[What the exercise asks]: The answer must be only the lines below from the one holding "A misty, overcast" down to the one holding "Two women stand", ends included, printed exactly; please omit all pictures.

[Record set]:
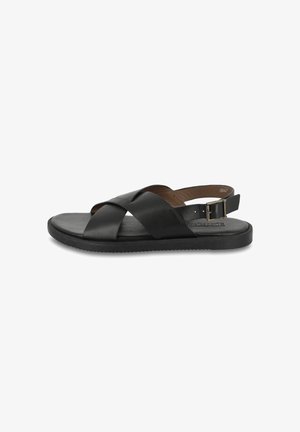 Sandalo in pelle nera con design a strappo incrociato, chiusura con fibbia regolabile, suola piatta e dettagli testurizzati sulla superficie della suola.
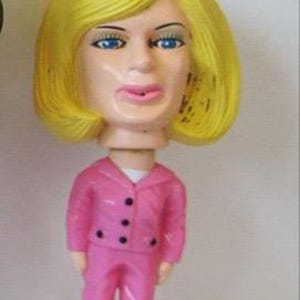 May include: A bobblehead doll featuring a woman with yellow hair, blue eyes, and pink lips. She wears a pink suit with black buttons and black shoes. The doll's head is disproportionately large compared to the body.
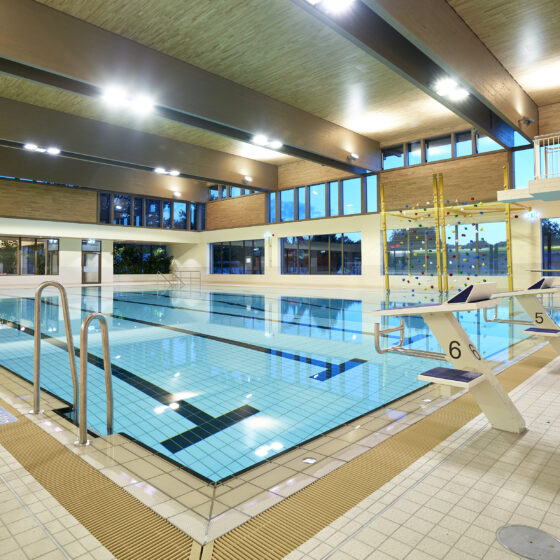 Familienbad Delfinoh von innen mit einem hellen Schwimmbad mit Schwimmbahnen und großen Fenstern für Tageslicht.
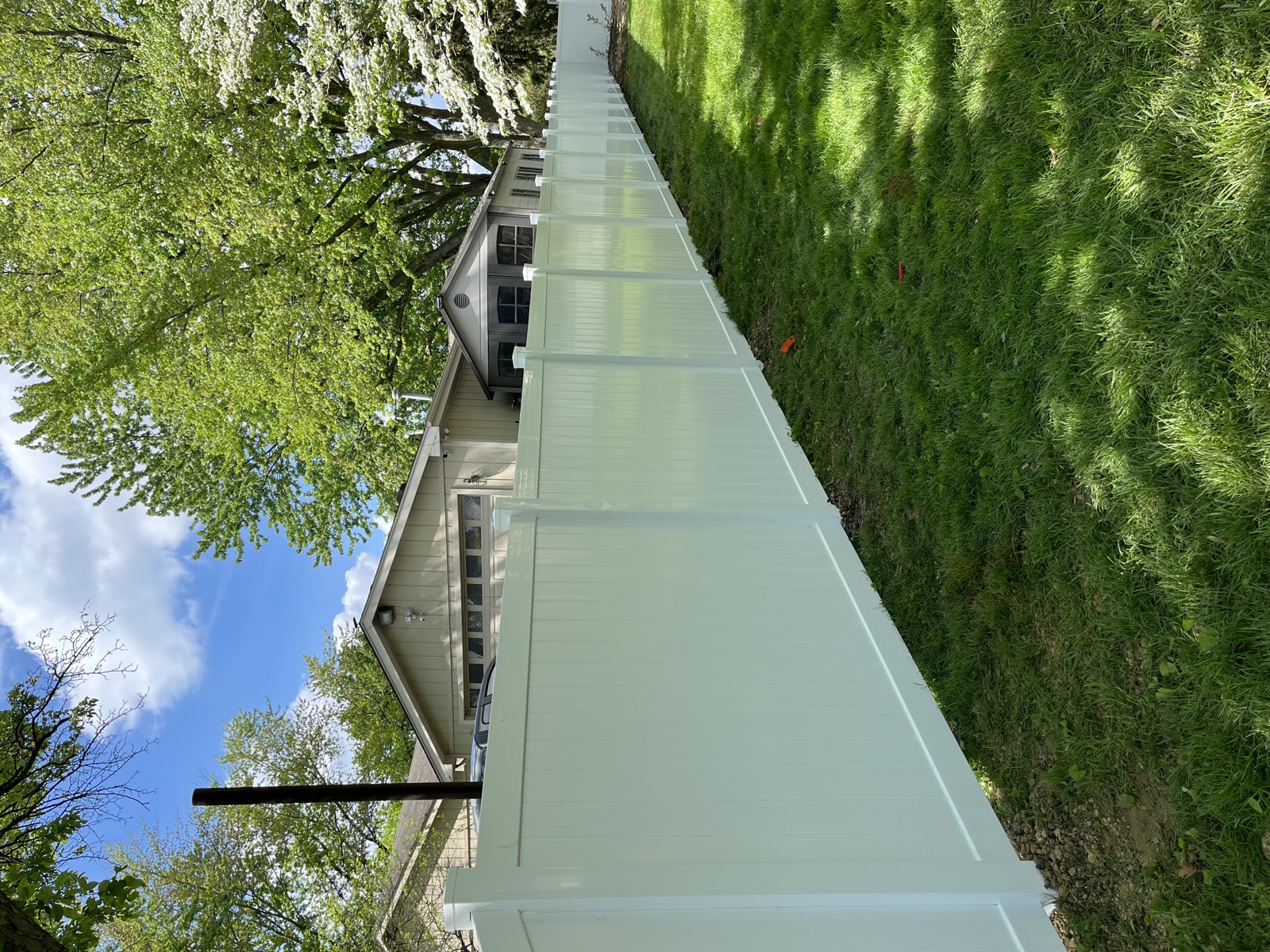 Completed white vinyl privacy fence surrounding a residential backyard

--

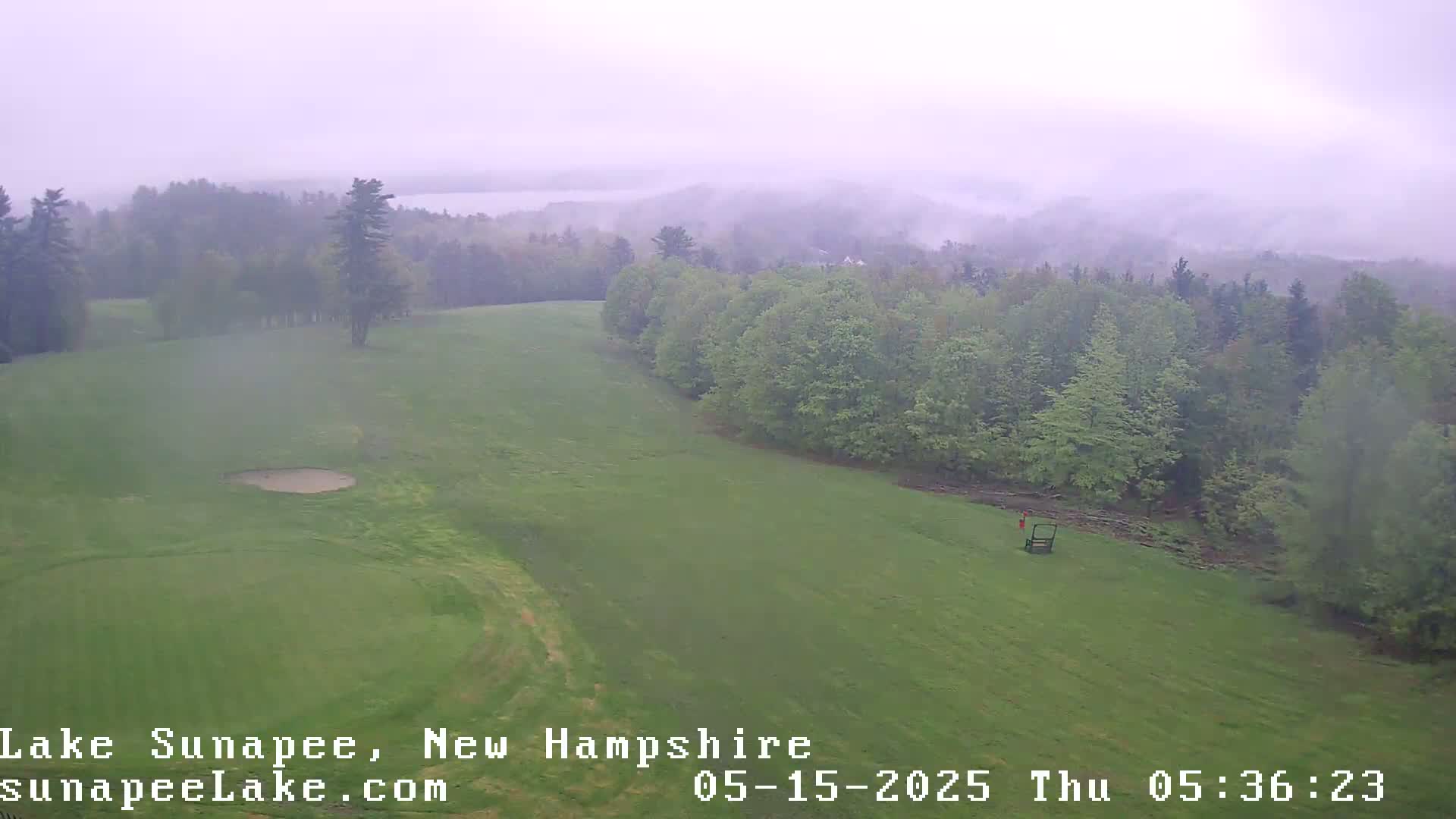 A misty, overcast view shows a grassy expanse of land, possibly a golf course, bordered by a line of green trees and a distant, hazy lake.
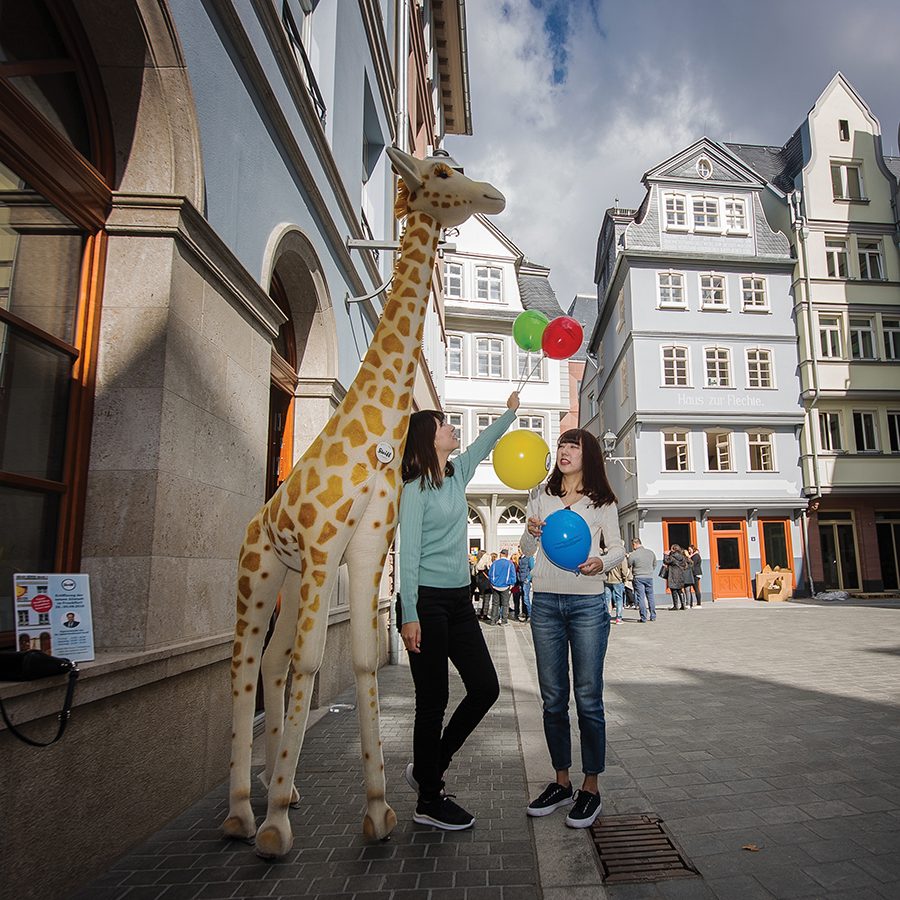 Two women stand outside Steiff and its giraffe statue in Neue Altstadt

[Answer to this task]:
 A misty, overcast view shows a grassy expanse of land, possibly a golf course, bordered by a line of green trees and a distant, hazy lake.
 Two women stand outside Steiff and its giraffe statue in Neue Altstadt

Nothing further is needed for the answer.